-- DATA EXTRACT --
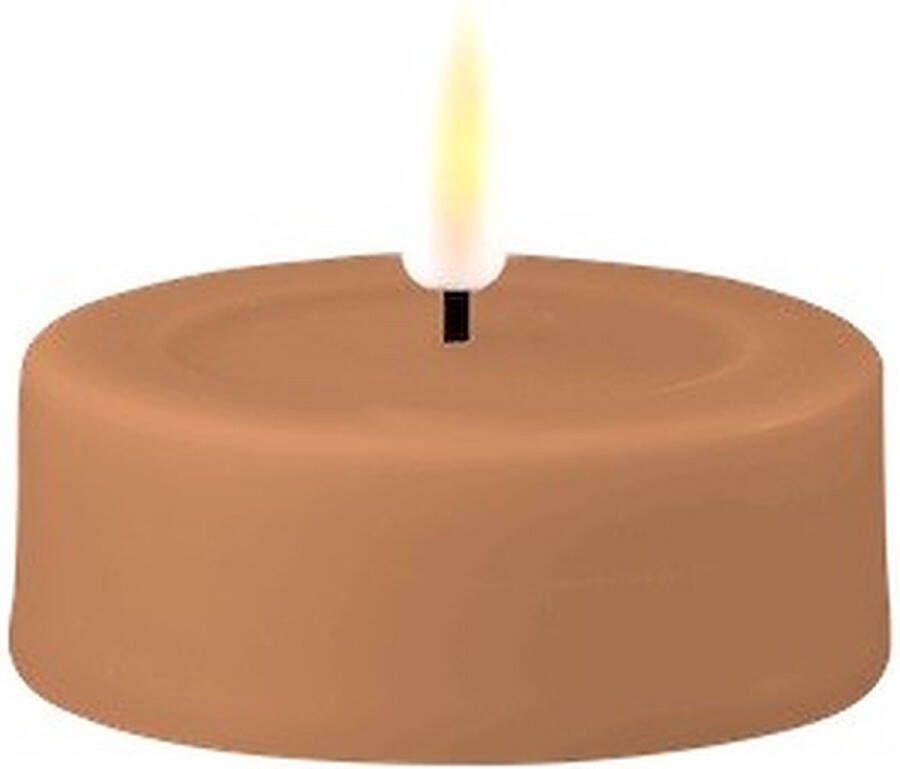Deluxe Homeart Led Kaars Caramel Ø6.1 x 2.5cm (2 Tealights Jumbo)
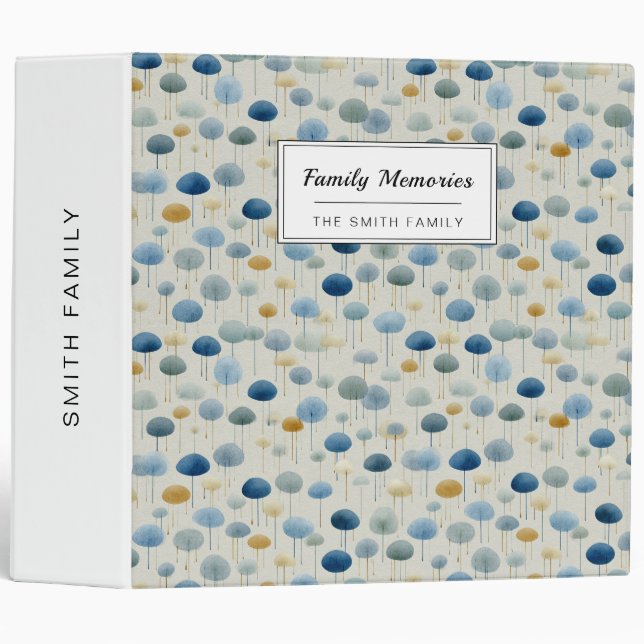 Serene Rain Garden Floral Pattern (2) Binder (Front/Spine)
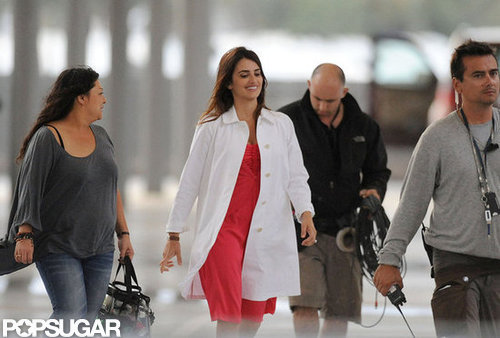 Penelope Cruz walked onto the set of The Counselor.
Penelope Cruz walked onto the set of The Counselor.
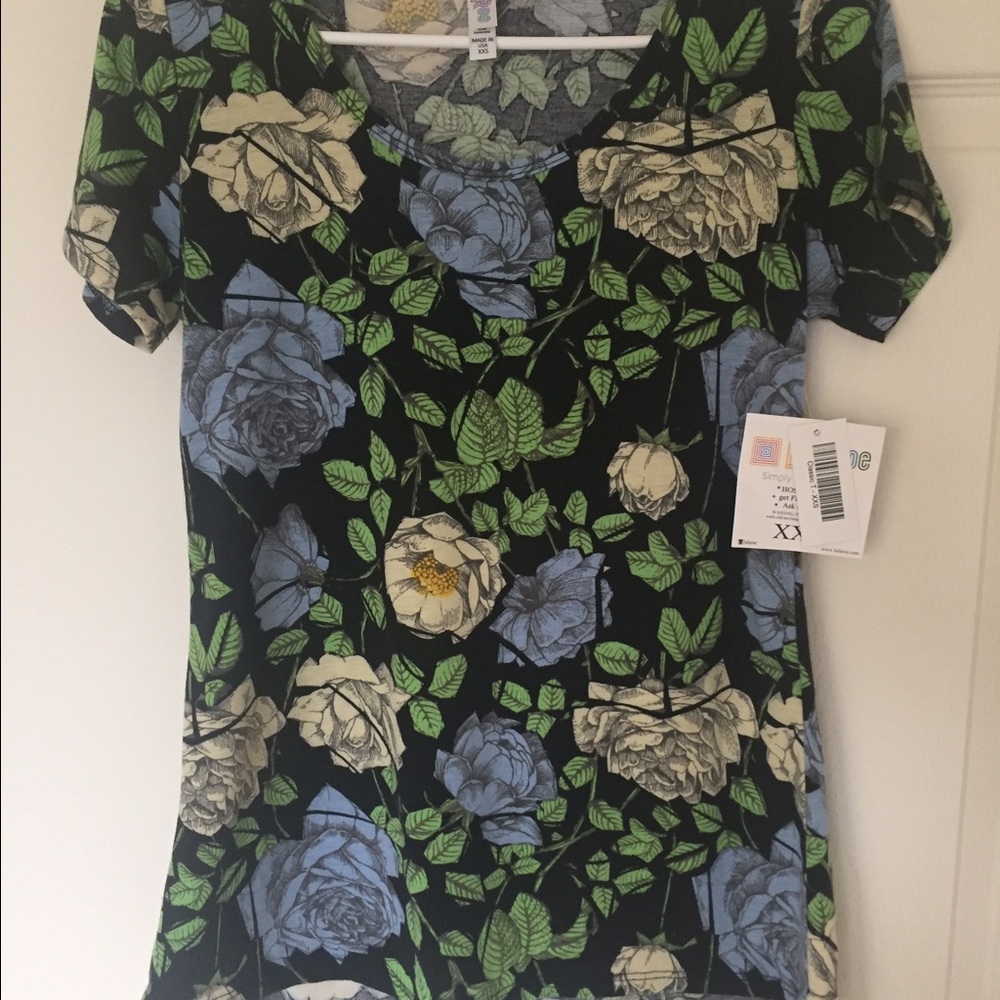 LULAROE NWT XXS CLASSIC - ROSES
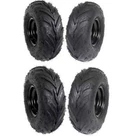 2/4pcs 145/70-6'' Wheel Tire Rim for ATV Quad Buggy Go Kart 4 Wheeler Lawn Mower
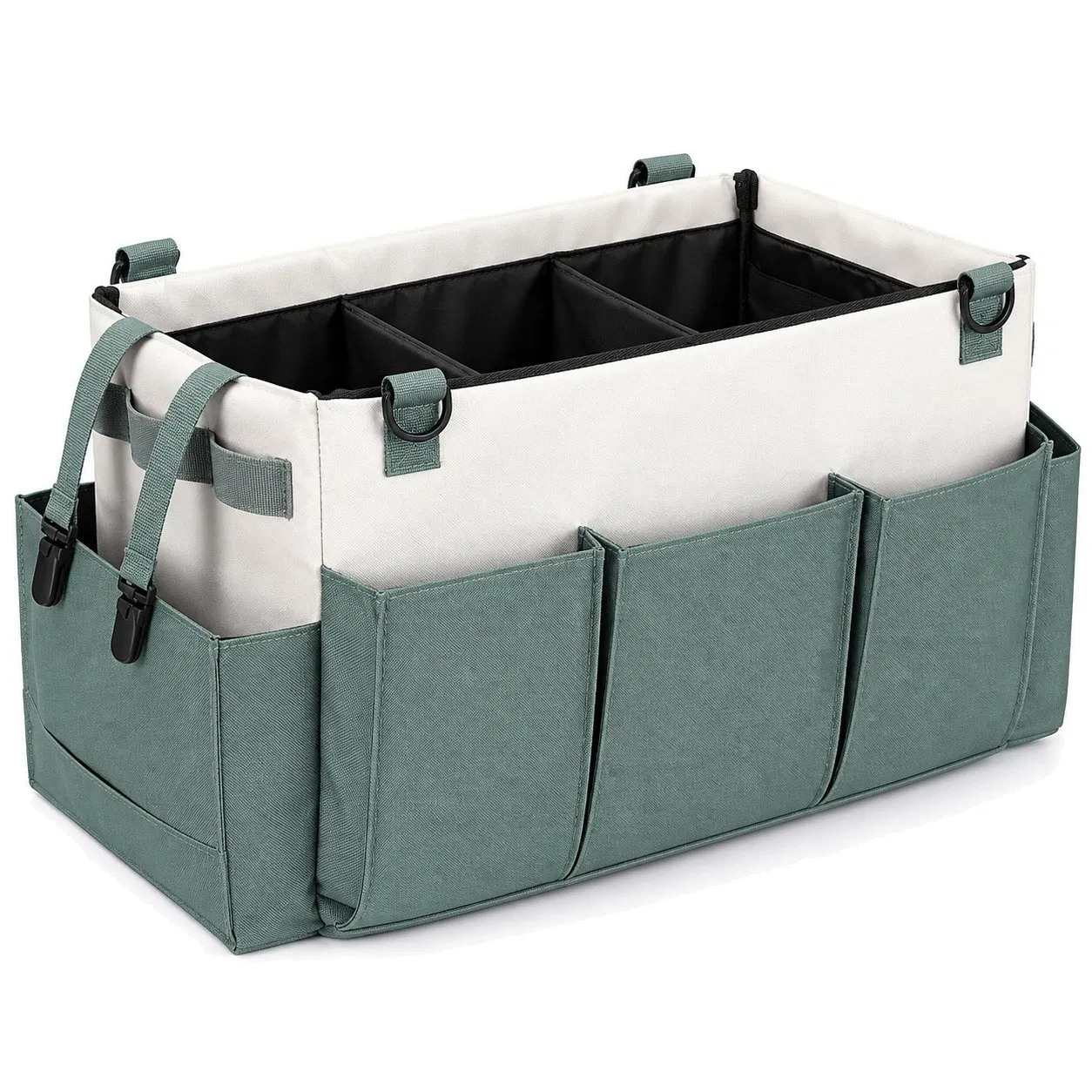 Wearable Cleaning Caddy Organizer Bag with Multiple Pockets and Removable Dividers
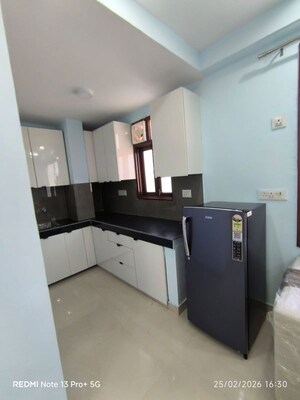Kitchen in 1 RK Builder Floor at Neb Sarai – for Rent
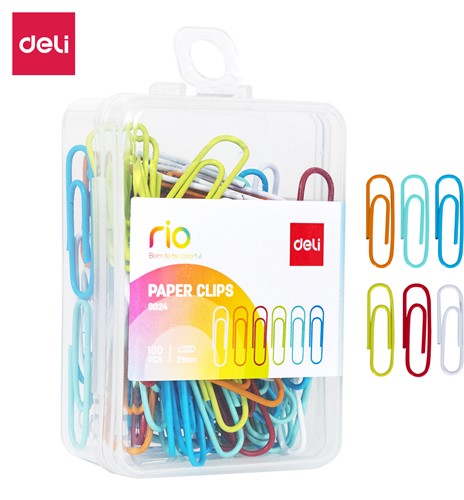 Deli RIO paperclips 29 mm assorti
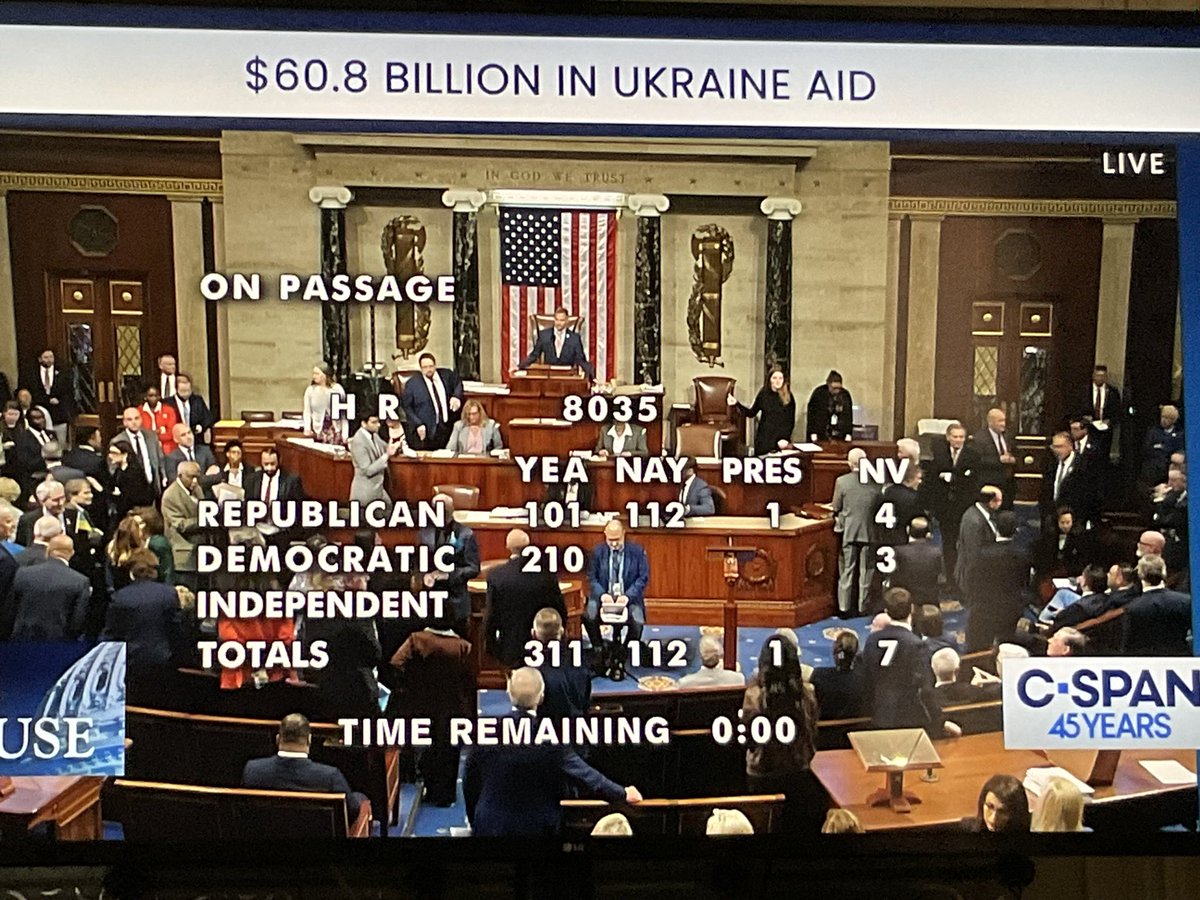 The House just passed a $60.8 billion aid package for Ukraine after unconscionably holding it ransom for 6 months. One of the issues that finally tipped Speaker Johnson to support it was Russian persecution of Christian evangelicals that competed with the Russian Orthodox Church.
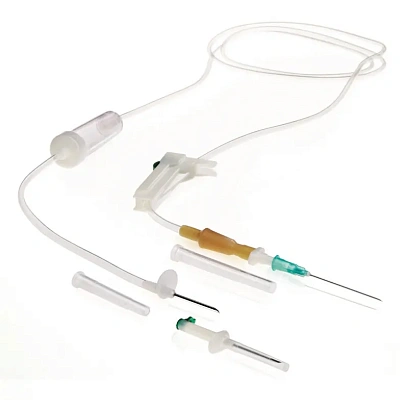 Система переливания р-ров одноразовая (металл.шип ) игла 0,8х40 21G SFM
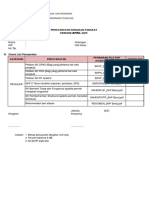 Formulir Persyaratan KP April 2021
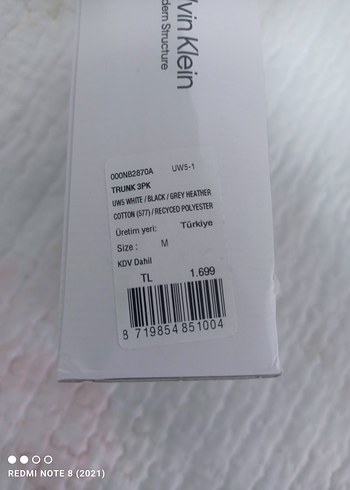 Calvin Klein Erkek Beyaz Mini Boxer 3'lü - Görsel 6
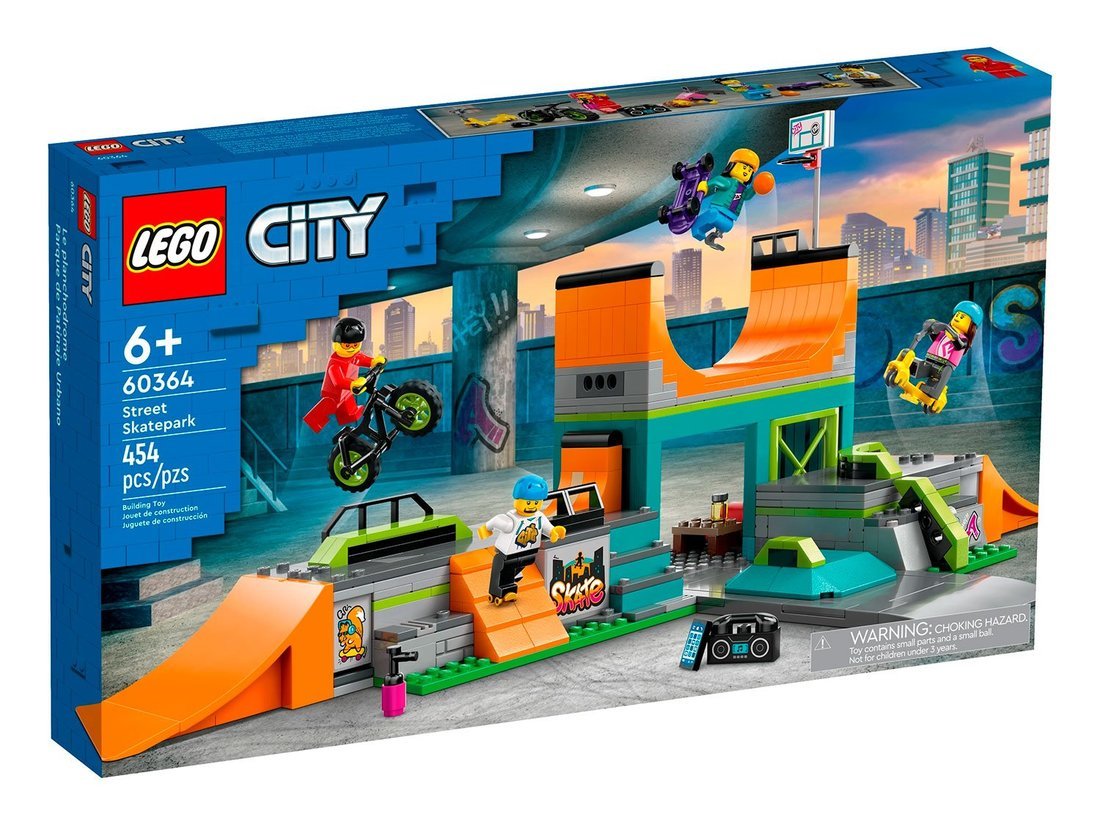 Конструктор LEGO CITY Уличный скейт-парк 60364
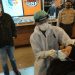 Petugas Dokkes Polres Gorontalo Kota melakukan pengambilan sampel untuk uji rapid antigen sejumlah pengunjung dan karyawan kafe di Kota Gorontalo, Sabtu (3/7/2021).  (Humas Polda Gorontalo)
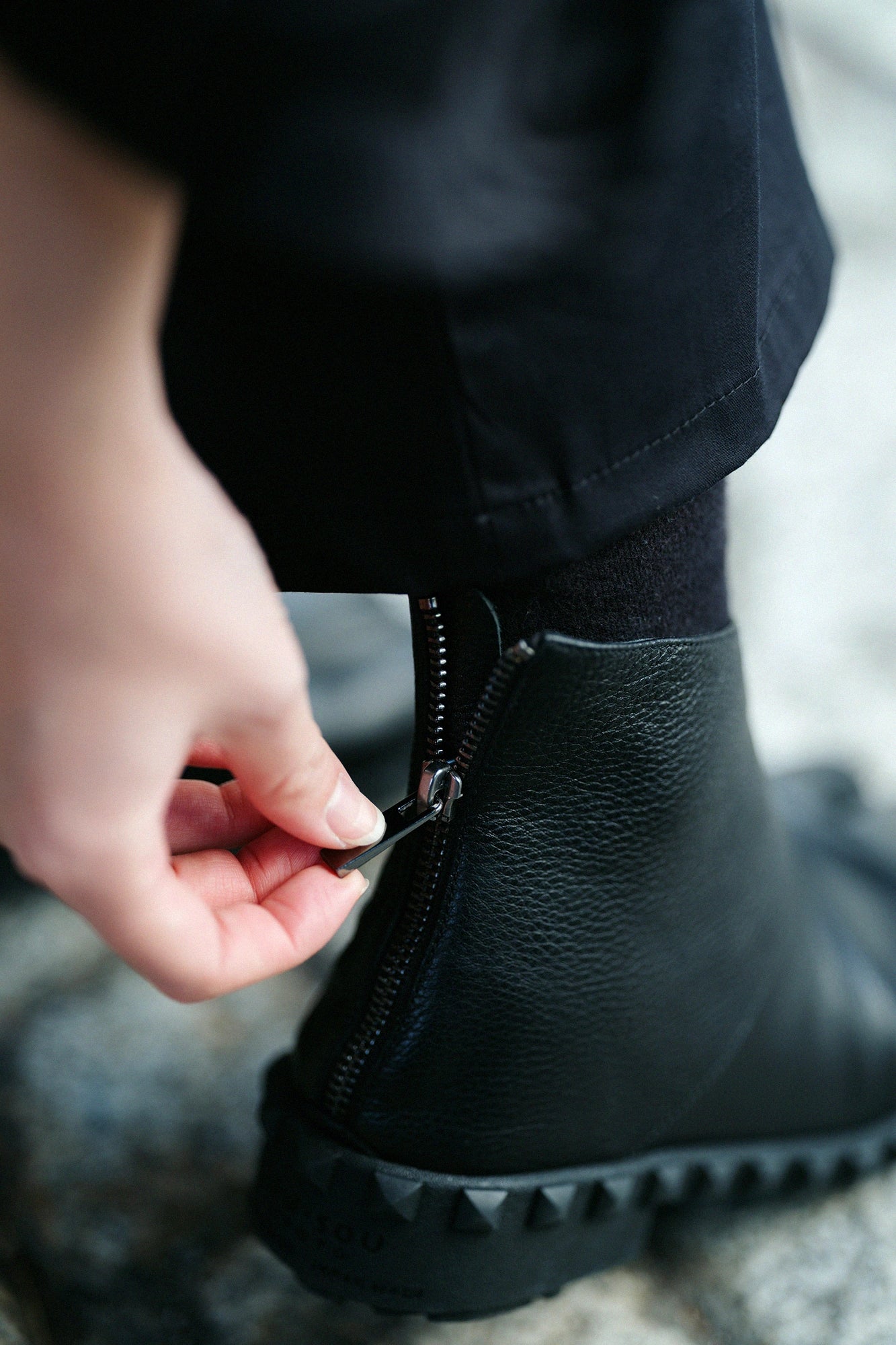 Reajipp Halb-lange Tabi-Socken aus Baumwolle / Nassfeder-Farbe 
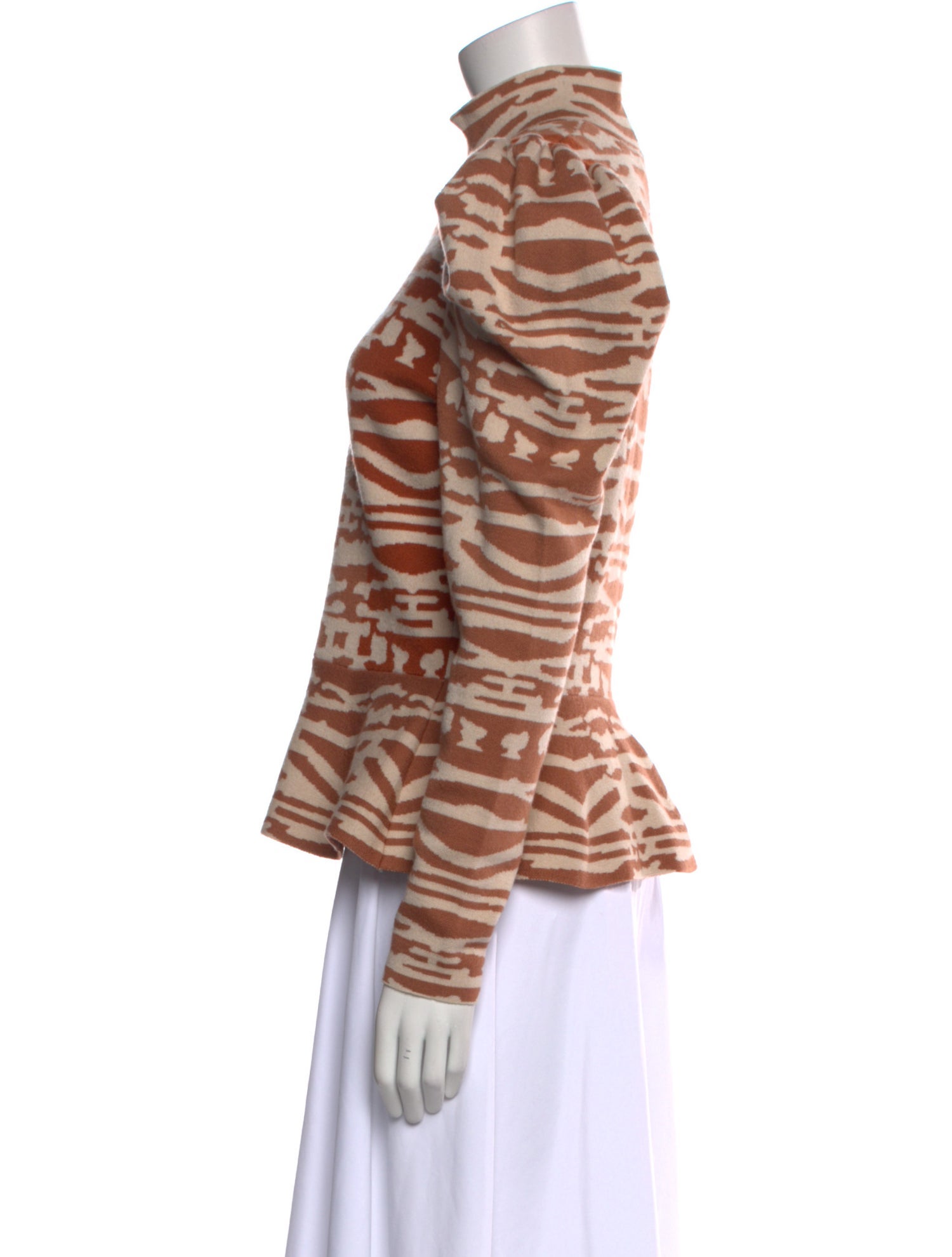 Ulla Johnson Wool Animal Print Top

-- EXERCISE BRIEF --
The full listing must come back exactly as written, with its pictures left out.

-- TASK ANSWER --
Deluxe Homeart Led Kaars Caramel Ø6.1 x 2.5cm (2 Tealights Jumbo)
 Serene Rain Garden Floral Pattern (2) Binder (Front/Spine)
 Penelope Cruz walked onto the set of The Counselor.
Penelope Cruz walked onto the set of The Counselor.
 LULAROE NWT XXS CLASSIC - ROSES
 2/4pcs 145/70-6'' Wheel Tire Rim for ATV Quad Buggy Go Kart 4 Wheeler Lawn Mower
 Wearable Cleaning Caddy Organizer Bag with Multiple Pockets and Removable Dividers
Kitchen in 1 RK Builder Floor at Neb Sarai – for Rent
 Deli RIO paperclips 29 mm assorti
 The House just passed a $60.8 billion aid package for Ukraine after unconscionably holding it ransom for 6 months. One of the issues that finally tipped Speaker Johnson to support it was Russian persecution of Christian evangelicals that competed with the Russian Orthodox Church.
 Система переливания р-ров одноразовая (металл.шип ) игла 0,8х40 21G SFM
 Formulir Persyaratan KP April 2021
 Calvin Klein Erkek Beyaz Mini Boxer 3'lü - Görsel 6
 Конструктор LEGO CITY Уличный скейт-парк 60364
 Petugas Dokkes Polres Gorontalo Kota melakukan pengambilan sampel untuk uji rapid antigen sejumlah pengunjung dan karyawan kafe di Kota Gorontalo, Sabtu (3/7/2021).  (Humas Polda Gorontalo)
 Reajipp Halb-lange Tabi-Socken aus Baumwolle / Nassfeder-Farbe 
 Ulla Johnson Wool Animal Print Top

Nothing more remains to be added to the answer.